-- To do --
Where an entry holds an image, skip the image but reproduce the rest word for word.
Supplied information section start
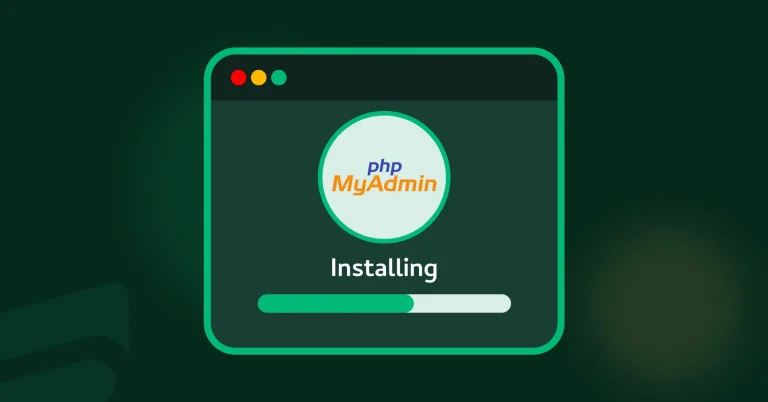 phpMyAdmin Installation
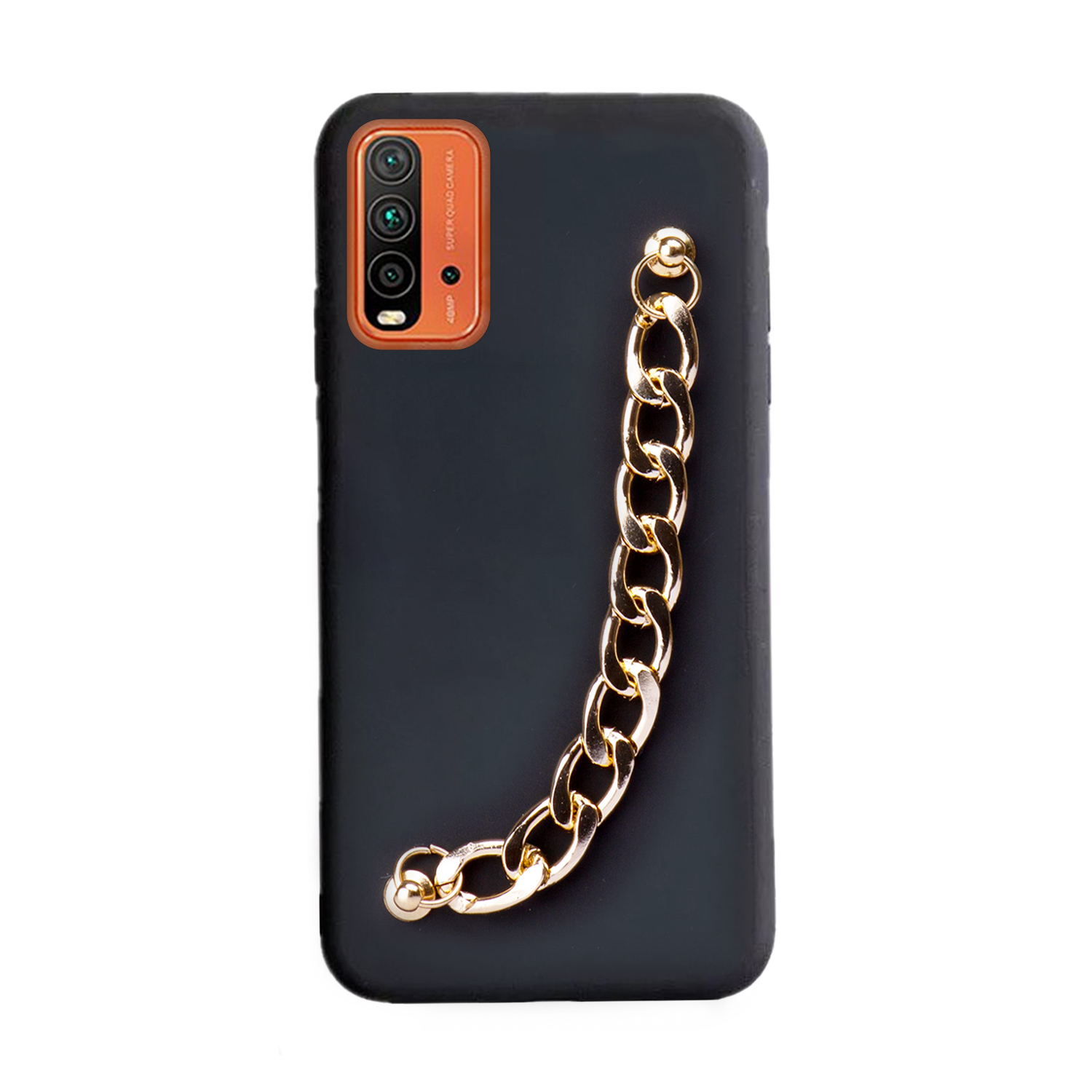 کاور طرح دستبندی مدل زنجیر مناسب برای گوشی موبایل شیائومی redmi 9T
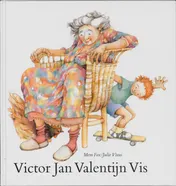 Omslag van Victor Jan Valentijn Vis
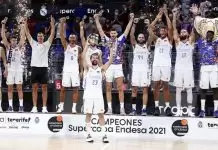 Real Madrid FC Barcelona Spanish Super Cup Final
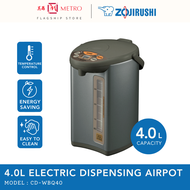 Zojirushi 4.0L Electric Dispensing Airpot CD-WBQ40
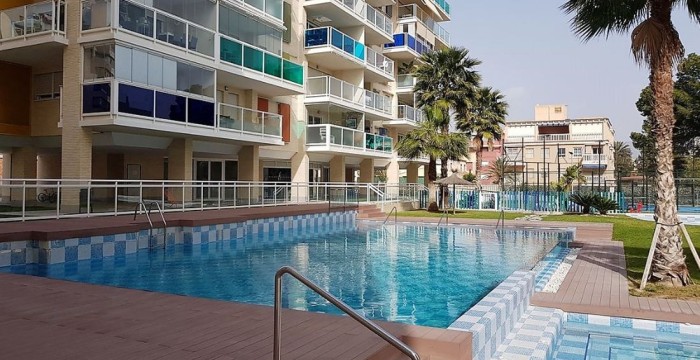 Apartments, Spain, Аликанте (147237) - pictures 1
Supplied information section end
-- Response --
 phpMyAdmin Installation
 کاور طرح دستبندی مدل زنجیر مناسب برای گوشی موبایل شیائومی redmi 9T
 Omslag van Victor Jan Valentijn Vis
 Real Madrid FC Barcelona Spanish Super Cup Final
 Zojirushi 4.0L Electric Dispensing Airpot CD-WBQ40
 Apartments, Spain, Аликанте (147237) - pictures 1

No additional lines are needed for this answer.